Answering questions at a luncheon of the Overseas Writers, Weinberger denied on Israeli report that a possible visit next month has been blocked by National Security Advisor William Clark. The Defense Secretary said that although he was attending the NATO defense ministers meeting in Brussels next week, the State Department felt there was not enough time to make the preparations for a visit to Israel. He said an effort would be made to find a time convenient to both him and the Israelis.
Weinberger was invited to Israel last November 30 by Defense Minister Ariel Sharon when the two officials signed the Memorandum of Understanding on Strategic Cooperation here. But Weinberger, who had been expected to go to Israel when he visited Saudi Arabia, Oman and Jordan in February, did not schedule a stop in Jerusalem, reportedly because of U.S. pique at Israel’s annexation of the Golon Heights.
VIEW OF THE MEMORANDUM OF UNDERSTANDING
The Memorandum of Understanding was suspended by the U.S. at the time because of the Israeli action.

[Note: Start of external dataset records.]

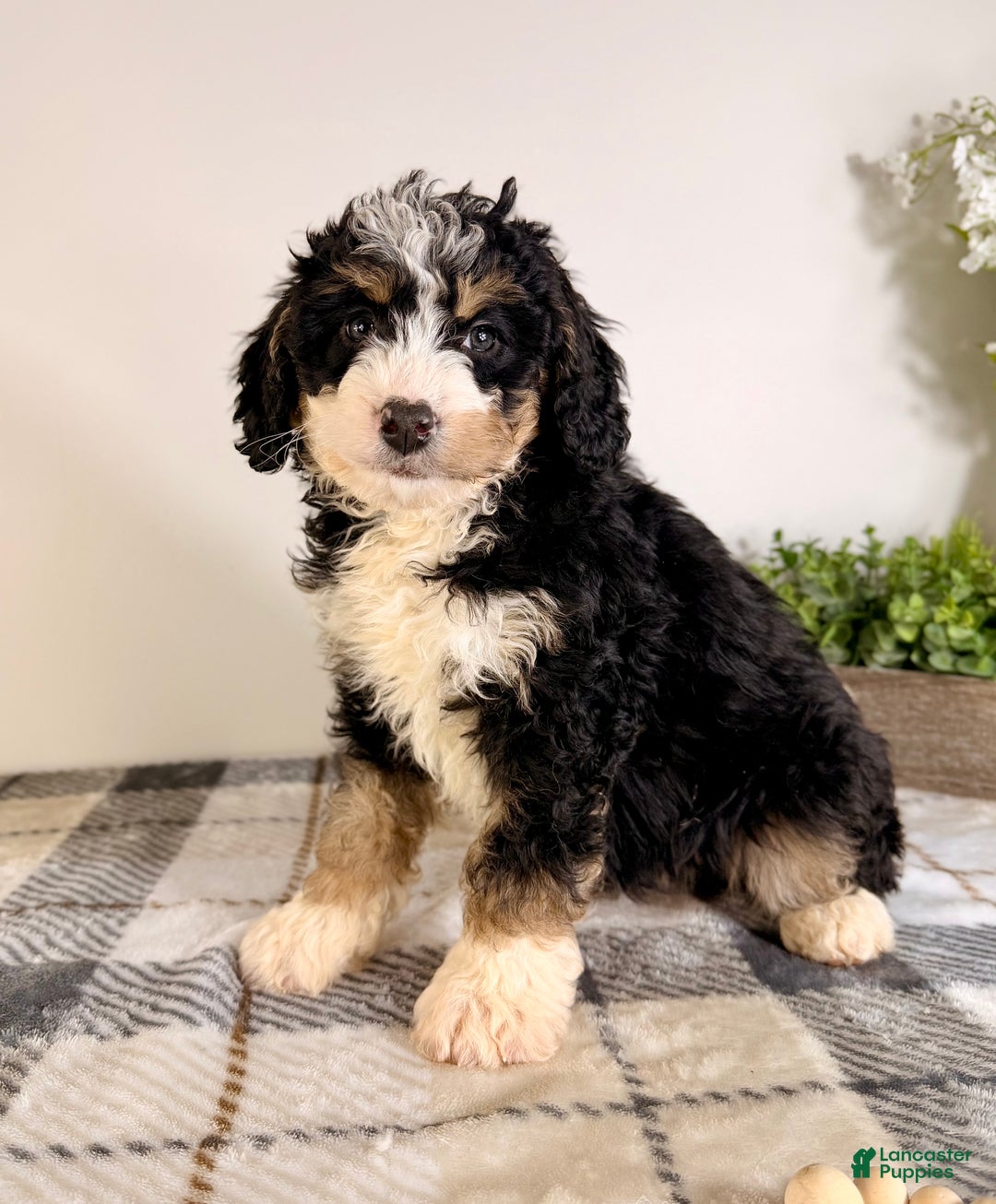 Bernedoodle dogs for sale: Brooklyn - Ad 2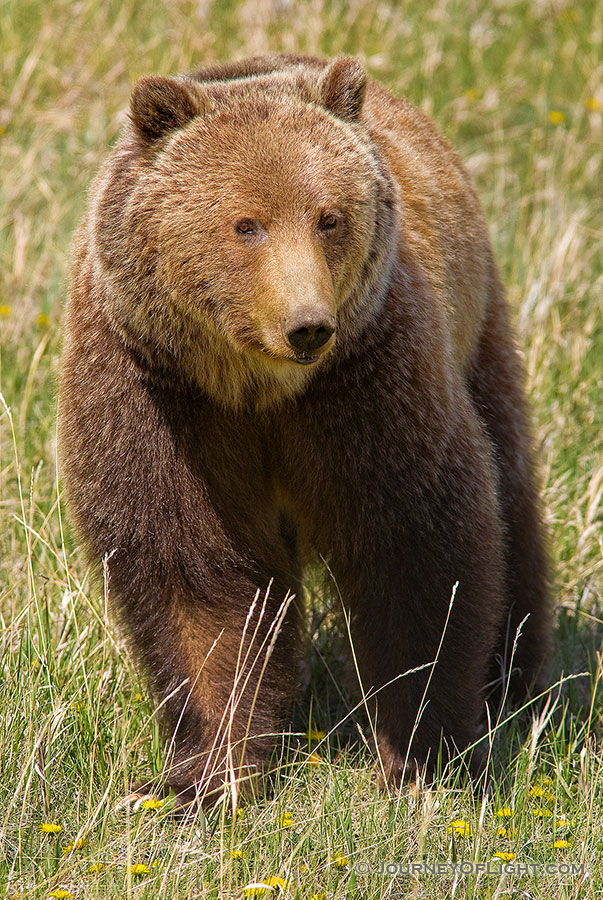 A black bear slowly munches on some dandelions. - Canada Photography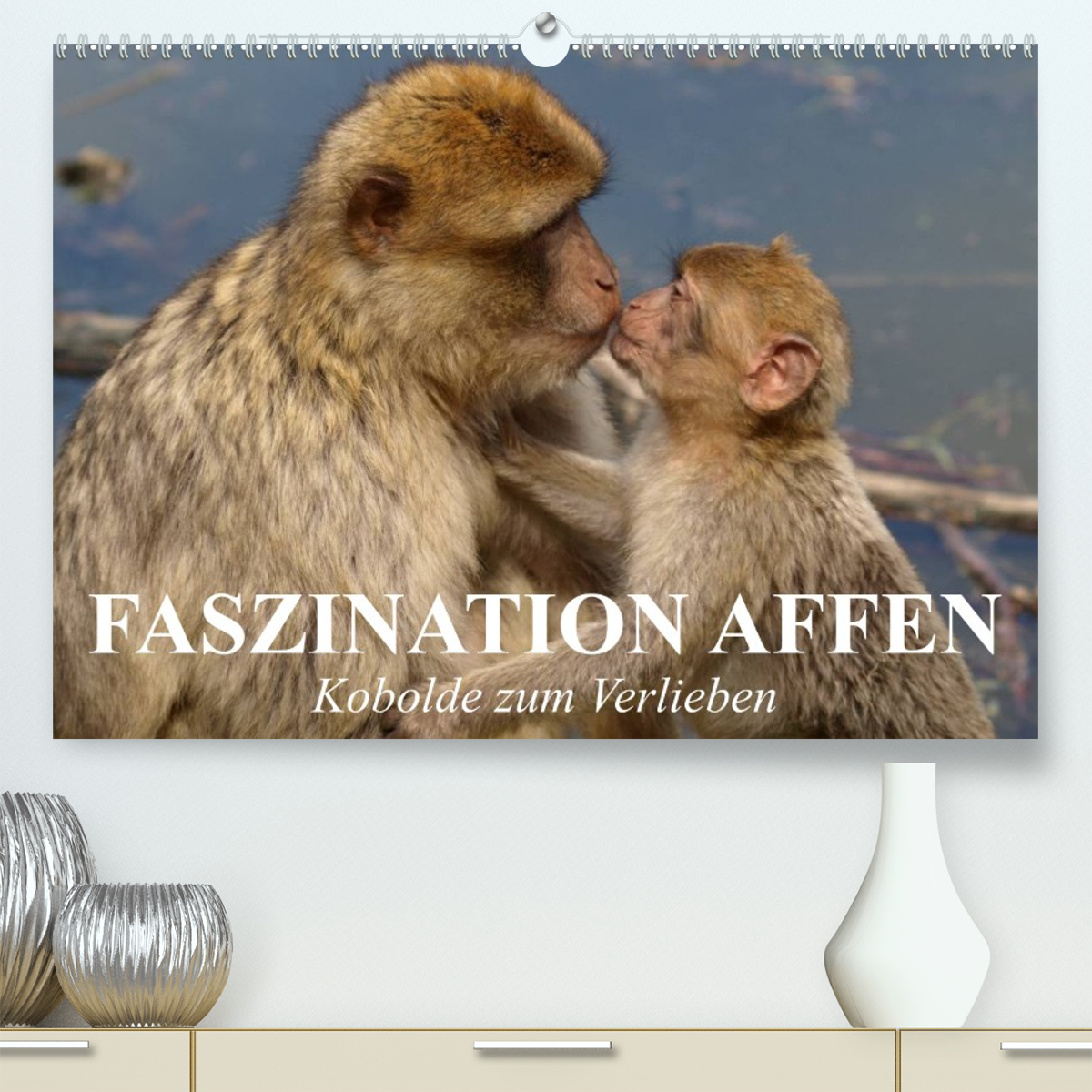 Faszination Affen. Kobolde zum Verlieben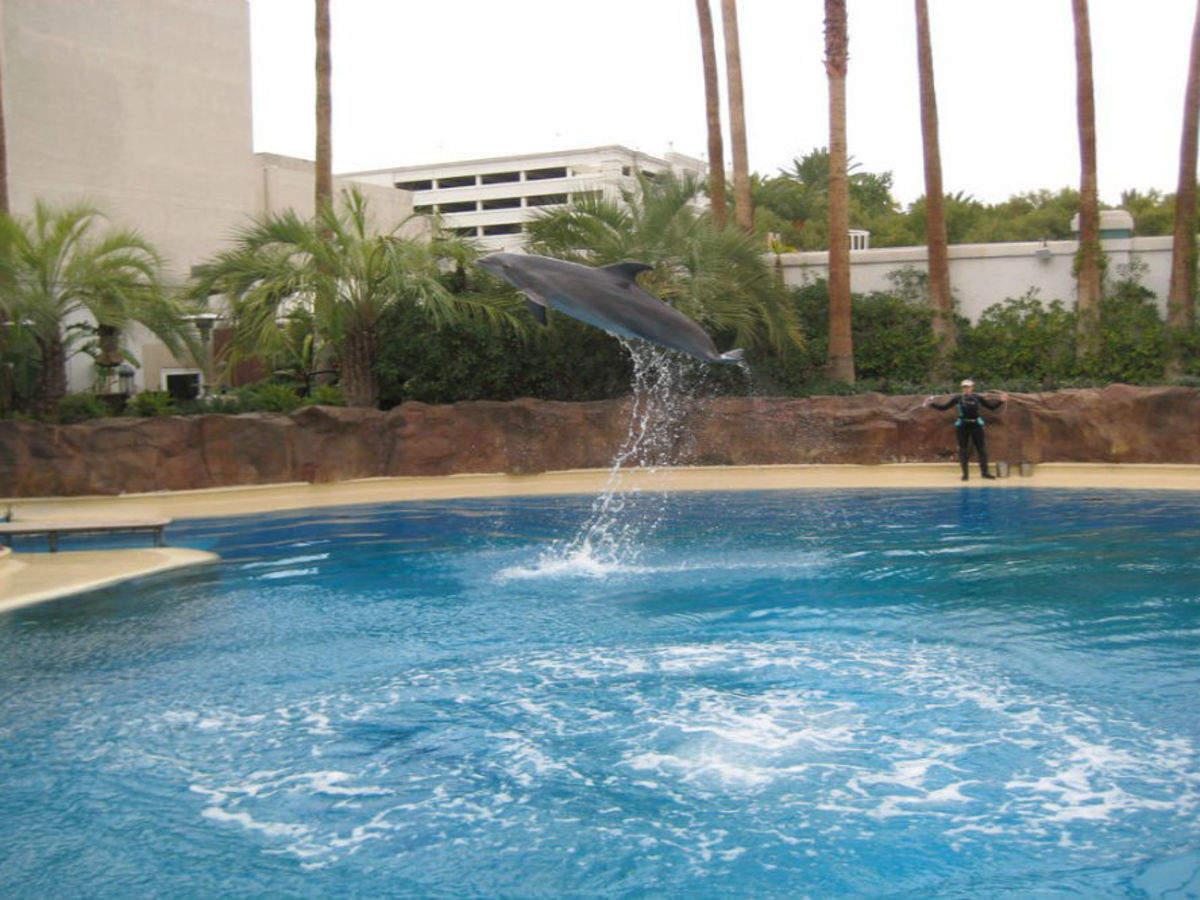 Siegfried & Roy's Secret Garden and Dolphin Habitat is a roaring Las Vegas  experience - Las Vegas Magazine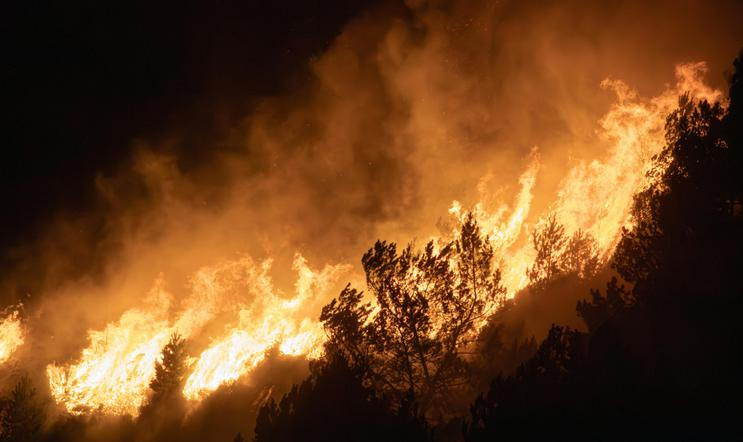 Plameny dosud spálily asi 730 hektarů, kvůli čemuž se muselo evakuovat 3233 lidí, tedy asi třetina obyvatel Ocuči.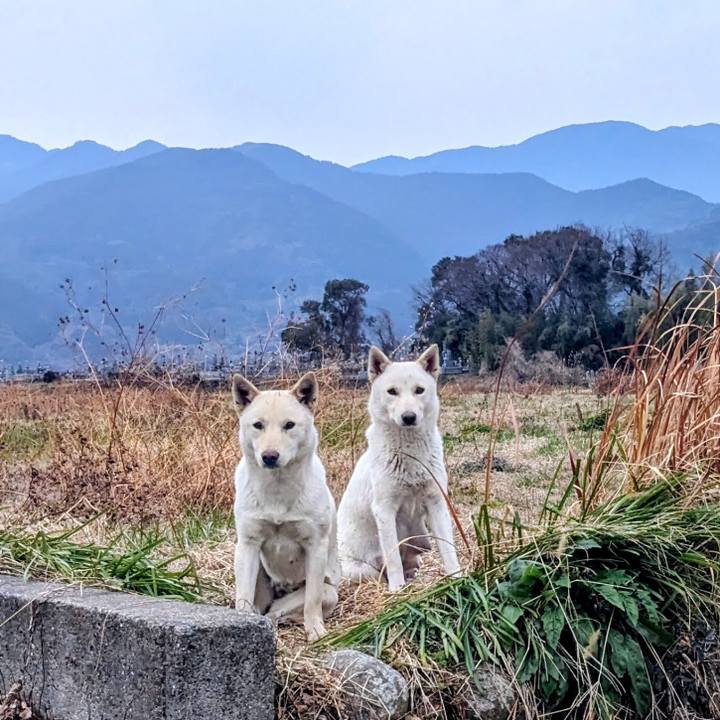 6275fc73 8626 471a 9627 af01e4f59b76 1771141127869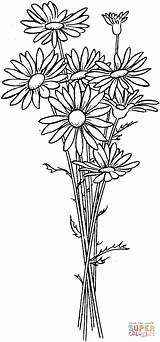 Daisy Coloring Pages Flower Drawing Printable Daisies Supercoloring Drawings Flowers sketch template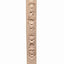 Witch Study Stick Kit (Learn to Carve Faces with Harold Enlow): Learn to Carve a Witch Booklet & Witch Study Stick (Fox Chapel Publishing) Hand-Cast Resin Study Stick and Step-by-Step Instructions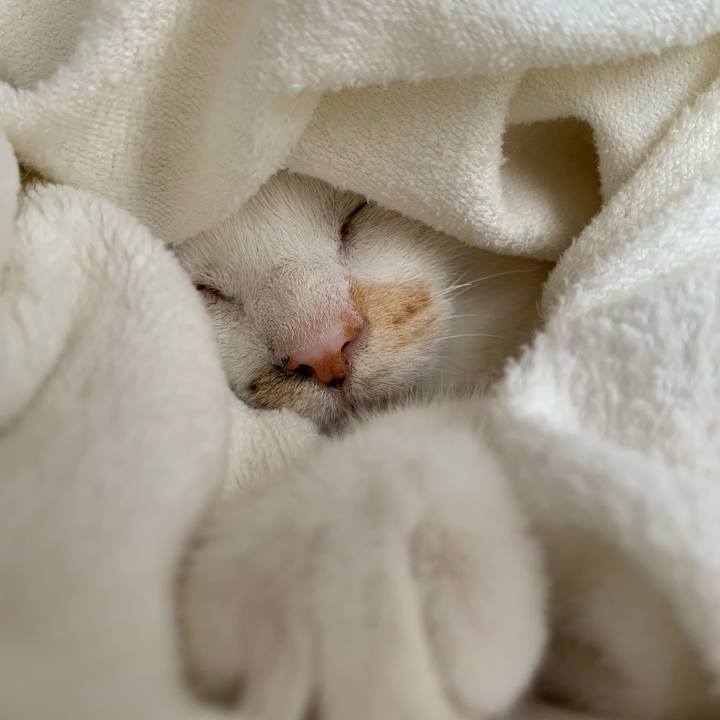 F95d3c0e 6b45 4b7a b54d 2e851c3d1d39 1622210459911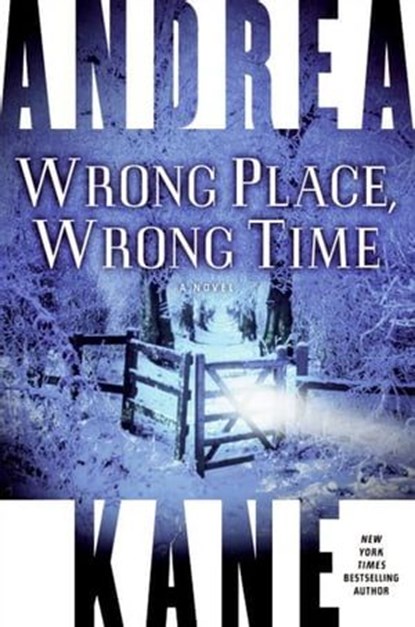 Wrong Place, Wrong Time, Andrea Kane - Ebook - 9780061841170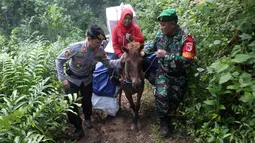 Polisi dan tentara mengawal petugas Pemilu 2019 yang menaiki kuda untuk mendistribusikan logistik ke TPS di desa-desa terpencil di Tempurejo, Jawa Timur, Senin (15/4). Selain kotak suara, petugas juga membawa perlengkapan pemilu lainnya. (AP Photo/Trisnadi)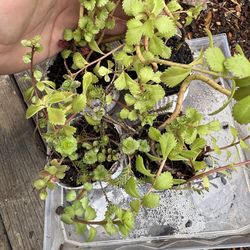 Sedum mix ground cover landscape plants/ succulent mix dry tolerant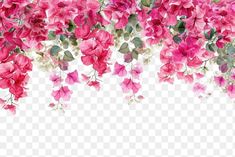 pink flowers on a white background with no background, hd png downloads to be used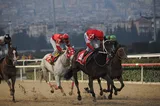 BOĞAZİÇİ BOĞAZİÇİ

But Weinberger said today that there was a “misunderstanding” on the status of the memorandum. While he did not explain the exact status today, he said he believed the difficulties would be straightened out soon.
However, Weinberger said that efforts to meet the Soviet threat to the Middle East was still part of U.S. policy. He said the strategic agreement with Israel was aimed at only a threat to the Mideast from the Soviet Union and not at any country or groups of countries in the region.
But Weinberger said Israel’s withdrawal from Sinai yesterday was the “first step” in a series of steps toward a comprehensive peace in the Middle East. He repeated his often stated position that while the U.S. is pledged to maintain the security of Israel, it needs more than one friend in the Mideast.
Weinberger also indicated that he favors providing Jordan with the F-16 jets and Hawk mobile missiles that the Hashemite kingdom is expected to request. But he said that Jordan hasn’t made a formal request as yet but one might come during the meeting of the U.S.-Jordanian joint military committee in Jordan this week.
Weinberger said he doubted that Jordan could be persuaded to cancel its order of missiles from the Soviet Union which it ordered late last year. But he said it would be “unfortunate” if Jordan had to depend on the Soviet Union as its major source of arms. He warned that a great deal comes in Soviet arms sales in addition to “the owner’s manual.”